## Dataset excerpt
Start of Block

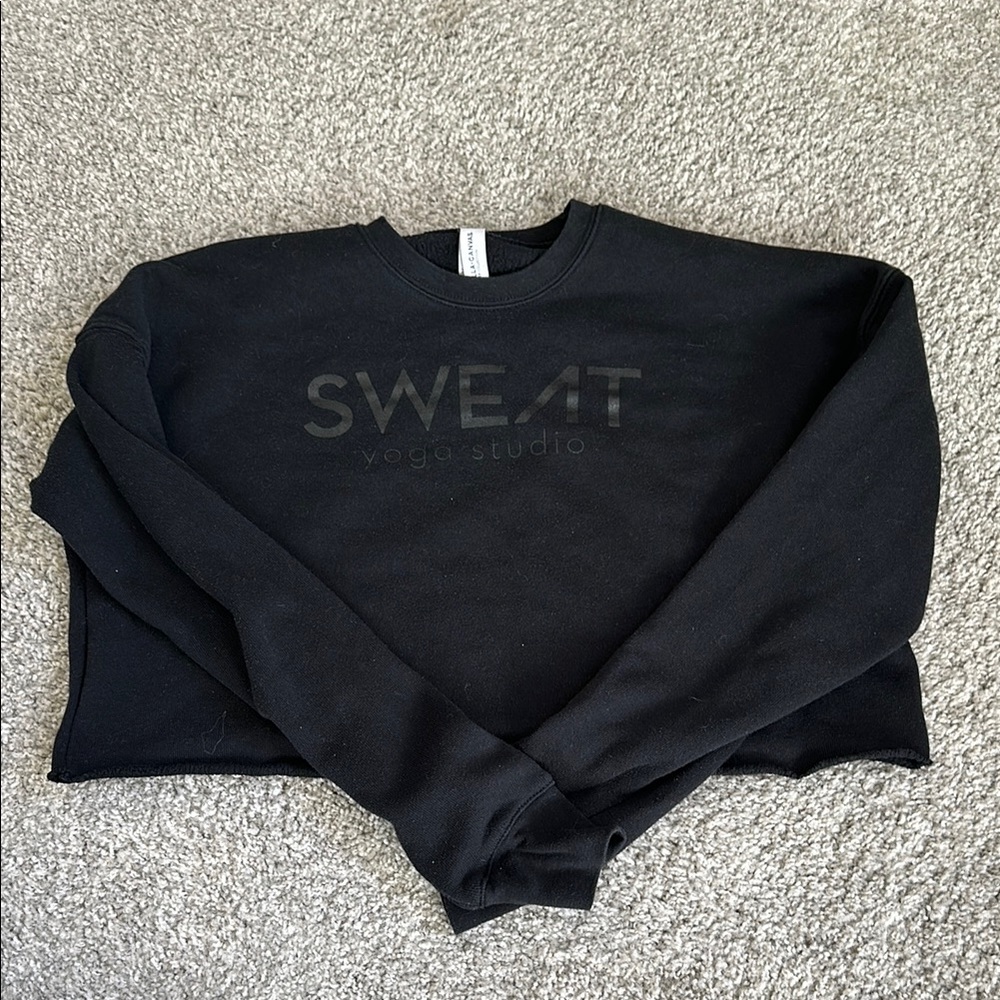 Graphic Crop Sweatshirt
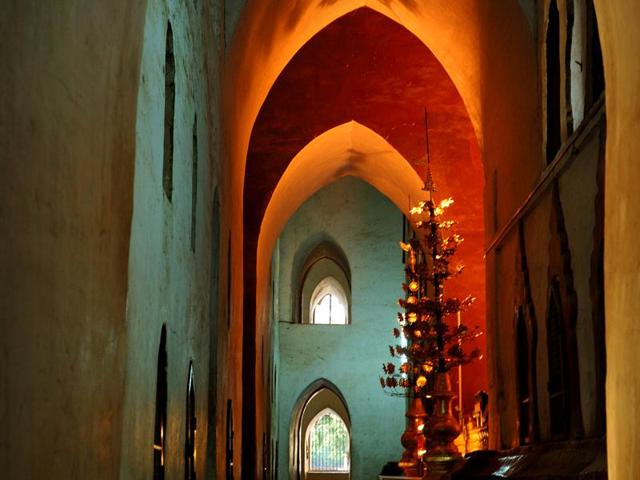 Burma 2009: Interior of one of the 2,300 pagodas in the ancient city of Bagan on the banks of the Irrawaddy river (Clare Arni) Burma 2009: Interior of one of the 2,300 pagodas in the ancient city of Bagan on the banks of the Irrawaddy river (Clare Arni)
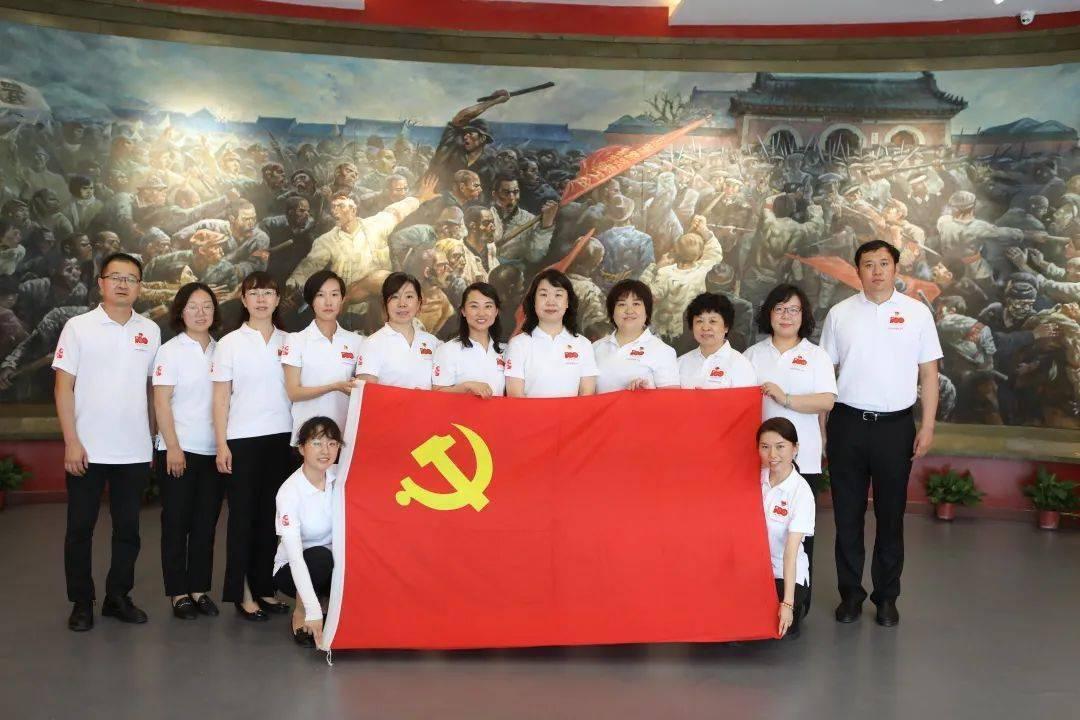 突发!2名游客贸然进入昆明轿子山冰湖,不料冰面突然碎裂……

End of Block

## Your objective
Images are to be omitted; repeat the remaining data above exactly.

## Written solution
 Graphic Crop Sweatshirt
 Burma 2009: Interior of one of the 2,300 pagodas in the ancient city of Bagan on the banks of the Irrawaddy river (Clare Arni) Burma 2009: Interior of one of the 2,300 pagodas in the ancient city of Bagan on the banks of the Irrawaddy river (Clare Arni)
 突发!2名游客贸然进入昆明轿子山冰湖,不料冰面突然碎裂……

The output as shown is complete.